EXCERPTED DATA →
--

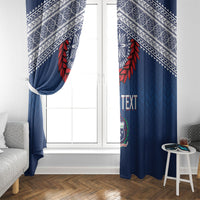 Manu Samoa Rugby Custom Navy Blue Window Curtain ʻIe Toga Pattern With Red Ula fala LT7 - Polynesian Pride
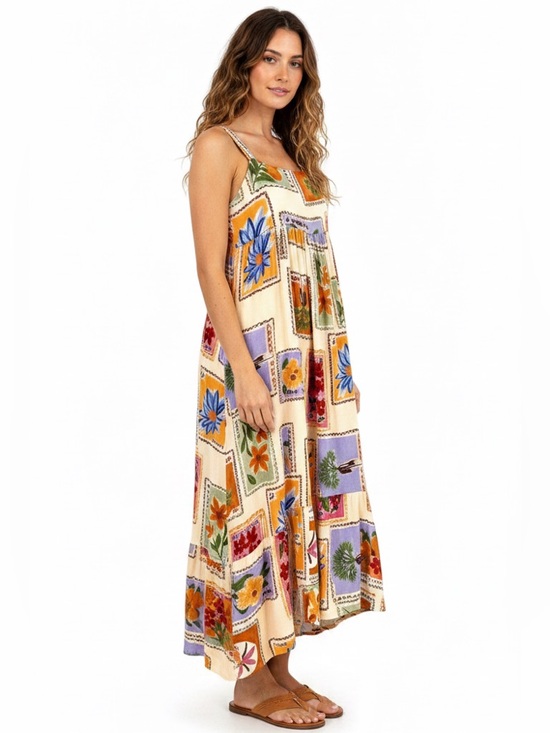 Paper Heart Dresses & Skirts - Paper Heart Anthropologie Floral Stamps Linen Blend Maxi Dress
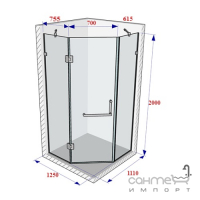 Пентагональная душевая кабина Weston WR5 960x1090 хром, прозрачное стекло, ручка полотенцедержатель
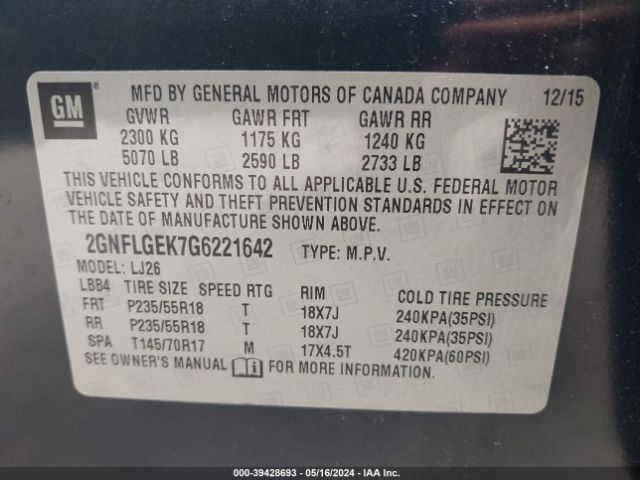 Photo 8 VIN: 2GNFLGEK7G6221642 - CHEVROLET EQUINOX 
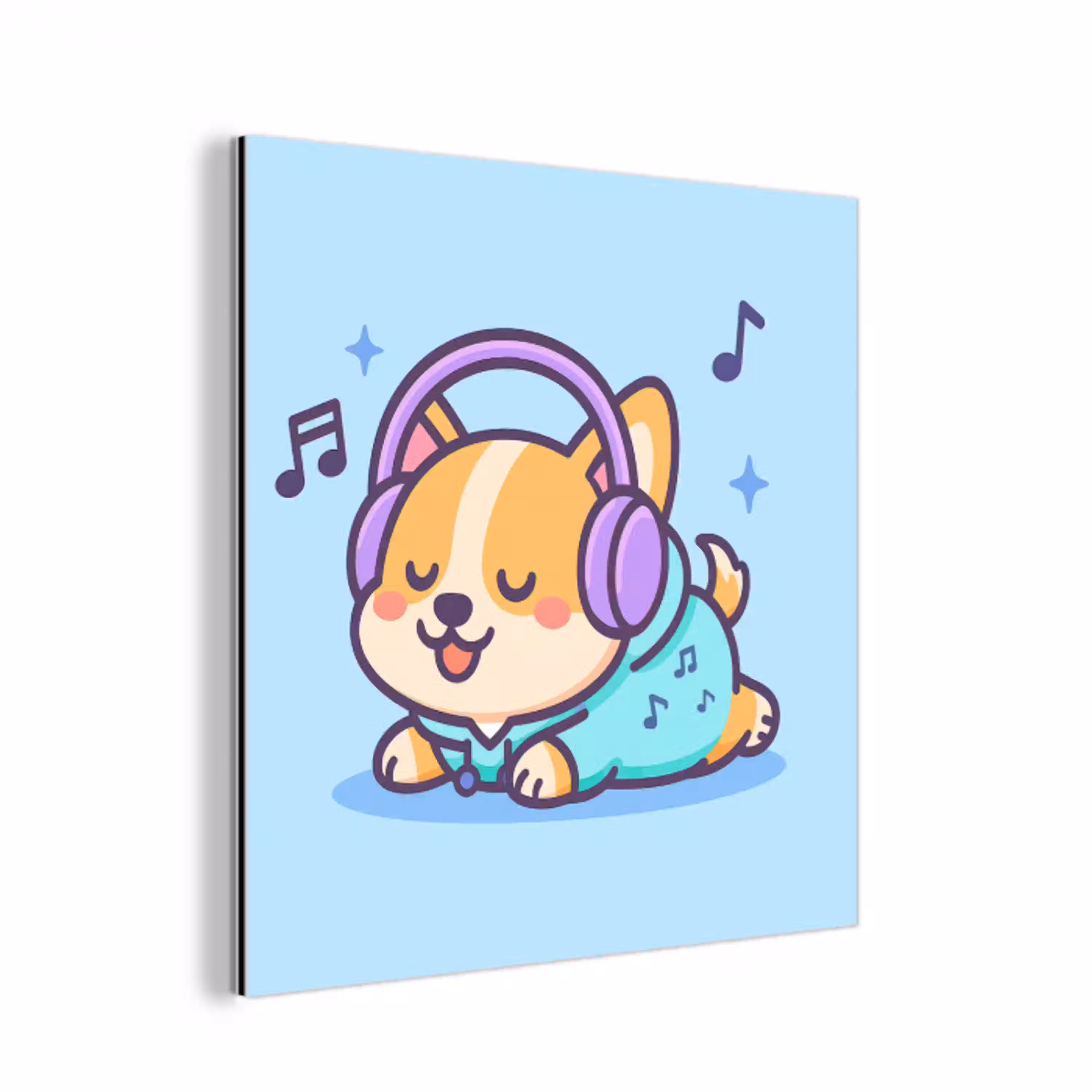 Corgi - Koptelefoon - Blauw - Muzieknoten aluminium wit klein -3d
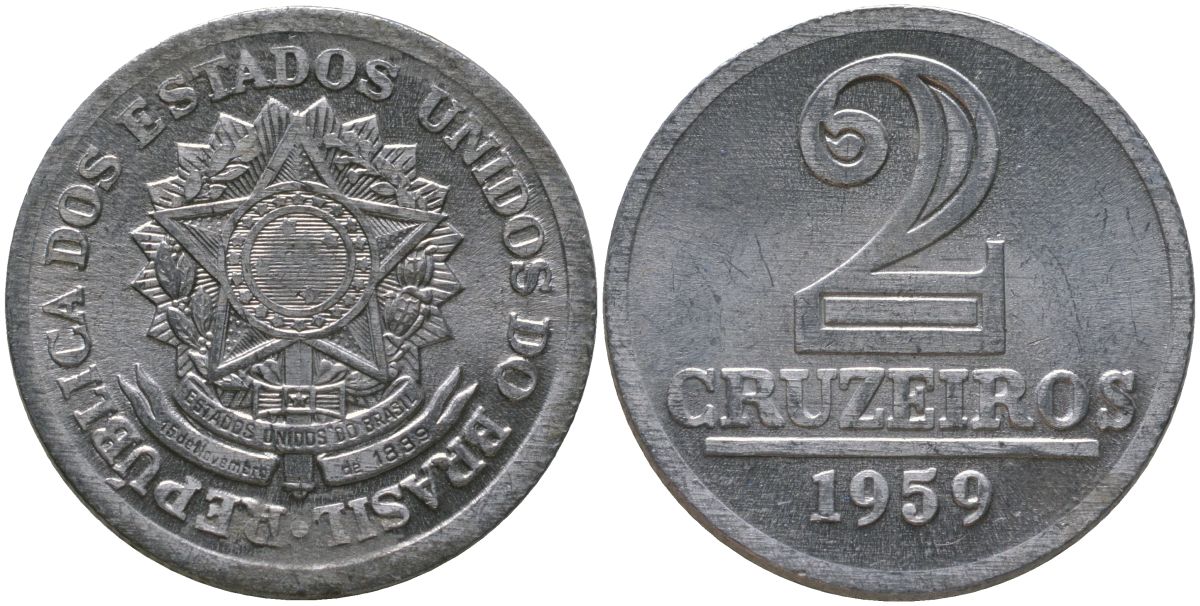 Бразилия 2 крузейро 1959 KM 571 алюминий 4577-932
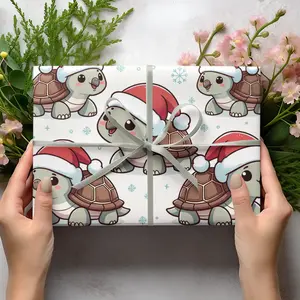 Turtles in Santa Hats Wrapping Paper | Christmas Turtle Gift Paper | Festive Holiday Wrap | Sizes 30x36, 30x72, 30x180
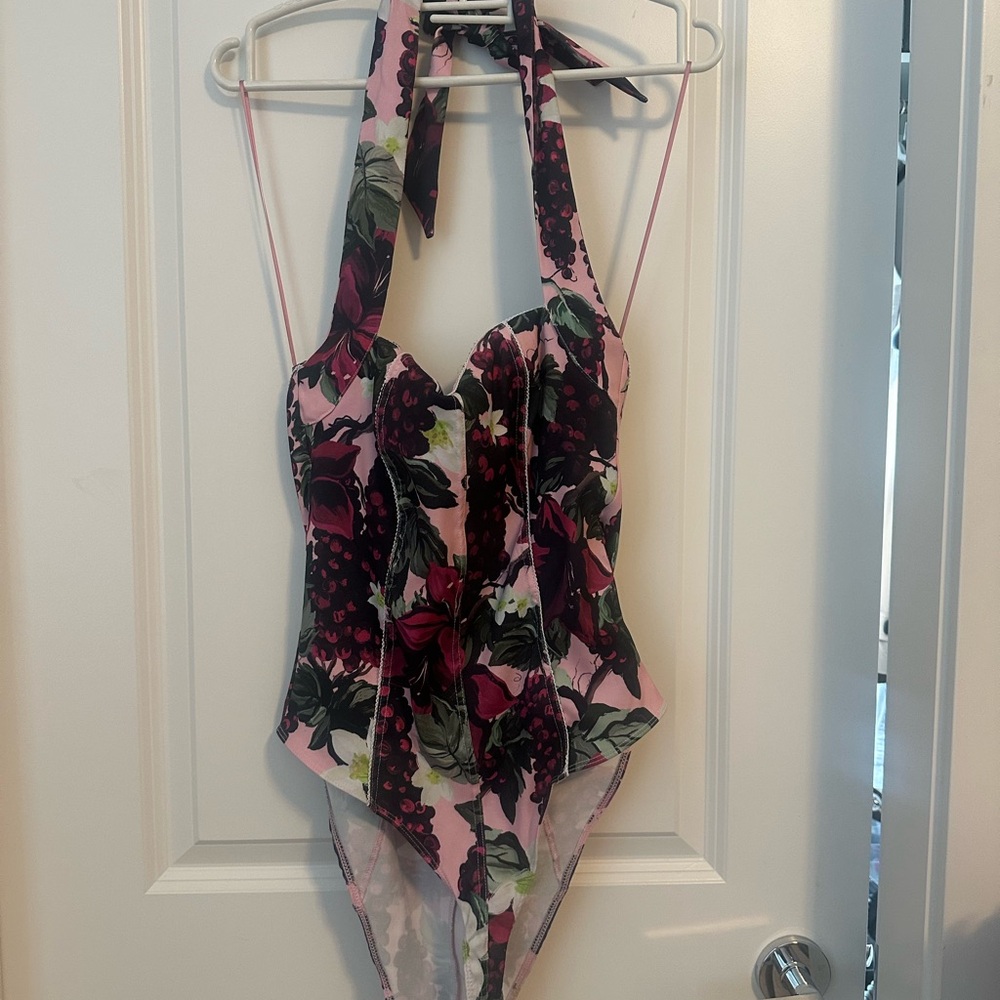 Zara Floral Halter One-Piece Bodysuit in Pink and Black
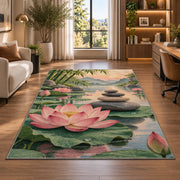 zen stones and lotus rug in a living room with a desk and large windows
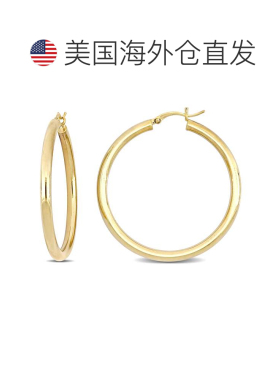 美国直邮自营Mimi & Max 40 毫米镀黄色纯银管状圈形耳环 - 黄色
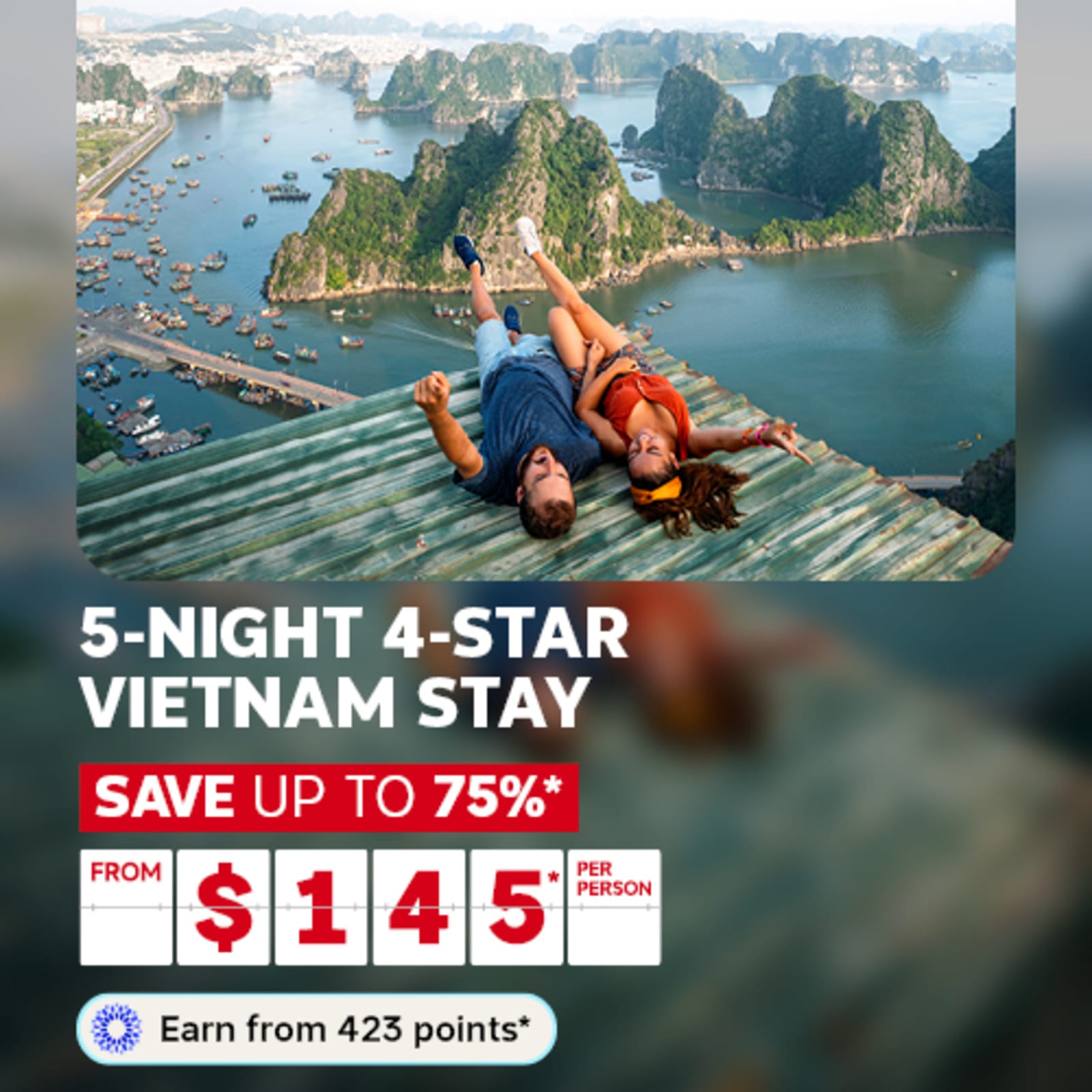 Two people lying on a steel roof overlooking Ha Long Bay Vietnam | 5-night 4-star Vietnam stay - save up to 76%* - from $285* per person. Earn from 855 points*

--

EXERCISE AIM → Write out the lines that run from the line containing "Paper Heart Dresses" to the end of the entries, inclusive, exactly as written. Skip every picture.

RESPONSE AREA →
 Paper Heart Dresses & Skirts - Paper Heart Anthropologie Floral Stamps Linen Blend Maxi Dress
 Пентагональная душевая кабина Weston WR5 960x1090 хром, прозрачное стекло, ручка полотенцедержатель
 Photo 8 VIN: 2GNFLGEK7G6221642 - CHEVROLET EQUINOX 
 Corgi - Koptelefoon - Blauw - Muzieknoten aluminium wit klein -3d
 Бразилия 2 крузейро 1959 KM 571 алюминий 4577-932
 Turtles in Santa Hats Wrapping Paper | Christmas Turtle Gift Paper | Festive Holiday Wrap | Sizes 30x36, 30x72, 30x180
 Zara Floral Halter One-Piece Bodysuit in Pink and Black
 zen stones and lotus rug in a living room with a desk and large windows
 美国直邮自营Mimi & Max 40 毫米镀黄色纯银管状圈形耳环 - 黄色
 Two people lying on a steel roof overlooking Ha Long Bay Vietnam | 5-night 4-star Vietnam stay - save up to 76%* - from $285* per person. Earn from 855 points*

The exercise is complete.